After 10 months of heavy campaigning, the Election Day had arrived. My wife and I woke up early. There was a long line at 6:00am already. I took some photos. According to instruction, I was on standby all day to find out if I needed to drive any voter to the voting precincts. As it was getting dark in the evening, an old car pulled in front of our house. An old white woman slowly walked toward our house and knocked on the door. When I opened the door she asked me if I had already voted. She was just checking to make sure. I had tears in my eyes just to think so human beings at their best during the entire long campaign.
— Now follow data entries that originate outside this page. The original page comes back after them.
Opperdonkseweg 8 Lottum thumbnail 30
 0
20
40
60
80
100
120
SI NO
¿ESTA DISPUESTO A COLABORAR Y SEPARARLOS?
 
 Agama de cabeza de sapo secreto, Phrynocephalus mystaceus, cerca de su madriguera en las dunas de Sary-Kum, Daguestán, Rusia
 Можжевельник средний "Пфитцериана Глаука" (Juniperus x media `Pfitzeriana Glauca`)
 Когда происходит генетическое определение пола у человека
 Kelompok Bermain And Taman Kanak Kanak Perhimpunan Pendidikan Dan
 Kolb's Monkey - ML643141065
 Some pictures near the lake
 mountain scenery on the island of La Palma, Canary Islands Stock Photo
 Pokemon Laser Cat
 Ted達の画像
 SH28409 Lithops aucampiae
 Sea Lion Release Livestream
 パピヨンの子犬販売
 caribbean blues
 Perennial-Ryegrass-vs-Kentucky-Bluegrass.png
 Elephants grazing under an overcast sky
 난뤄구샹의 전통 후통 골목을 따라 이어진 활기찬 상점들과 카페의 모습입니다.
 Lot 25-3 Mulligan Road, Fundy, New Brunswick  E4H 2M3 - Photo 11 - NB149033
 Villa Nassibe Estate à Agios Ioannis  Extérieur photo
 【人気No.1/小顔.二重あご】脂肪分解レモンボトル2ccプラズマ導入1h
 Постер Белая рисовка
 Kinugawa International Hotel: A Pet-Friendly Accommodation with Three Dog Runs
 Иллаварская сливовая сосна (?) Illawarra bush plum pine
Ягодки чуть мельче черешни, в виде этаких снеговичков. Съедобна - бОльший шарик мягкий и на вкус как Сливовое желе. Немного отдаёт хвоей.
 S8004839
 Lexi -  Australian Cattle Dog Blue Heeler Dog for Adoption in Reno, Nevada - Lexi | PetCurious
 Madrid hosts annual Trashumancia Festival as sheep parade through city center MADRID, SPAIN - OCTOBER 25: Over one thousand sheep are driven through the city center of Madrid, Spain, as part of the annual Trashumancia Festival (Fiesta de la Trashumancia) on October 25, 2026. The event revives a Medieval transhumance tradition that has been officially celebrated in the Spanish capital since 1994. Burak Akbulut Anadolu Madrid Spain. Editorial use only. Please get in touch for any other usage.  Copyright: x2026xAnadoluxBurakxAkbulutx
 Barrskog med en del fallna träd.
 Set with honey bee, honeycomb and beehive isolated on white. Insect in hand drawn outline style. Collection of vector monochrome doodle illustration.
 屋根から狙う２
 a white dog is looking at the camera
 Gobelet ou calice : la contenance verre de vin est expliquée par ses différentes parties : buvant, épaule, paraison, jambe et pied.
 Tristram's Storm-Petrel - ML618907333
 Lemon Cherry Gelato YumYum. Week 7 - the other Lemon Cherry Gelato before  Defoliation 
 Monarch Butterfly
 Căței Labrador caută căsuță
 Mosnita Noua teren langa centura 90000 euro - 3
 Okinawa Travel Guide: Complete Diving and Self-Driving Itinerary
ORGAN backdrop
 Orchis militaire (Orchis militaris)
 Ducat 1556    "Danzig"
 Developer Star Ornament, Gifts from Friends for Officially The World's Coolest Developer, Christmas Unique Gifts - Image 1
That evening on November 4, 2008 my wife was sitting in bed and I was about to go to the bathroom when TV announcers said that Barack Obama had just passed 270 electoral votes. He would be the 44th President and the first ever African American or black President of the United States. The camera panned to the large crowd that had gathered in Chicago in Barack Obama’s home town. It showed Jesse Jackson, Oprah Winfrey, and many others in the crowd in tears; they never thought that a black man would ever be President of the United States in their lifetime. The election results were that 69,498,516 or 52.9% of the American voters had voted for Barack Obama and 59,948,323 or 45.7% had voted for his Republican Party opponent John McCain. It was one of the most gratifying, exciting, and memorable events I have ever been involved with in my life. There were so many great memories of the goodness of the American everyday citizen and how we can pull our hearts together to achieve something that no one ever thought could be possible. That was a message from a great nation that I would never have known I would be part of those days in Northern Rhodesia (Zambia) when I was 8 years old in 1962.
- Obama, Barack., Dreams from My Father: A Story of Race and Inheritance, New York: Three Rivers Press, 1995, 2004.
- Obama, Barack., The Audacity of Hope: Thoughts on Reclaiming the American Dream, New York: Three Rivers Press, 2006.
- Tembo, Mwizenge S., Satisfying Zambian Hunger for Culture: Social Change in the Global World, Xlibris Corporation: 2012.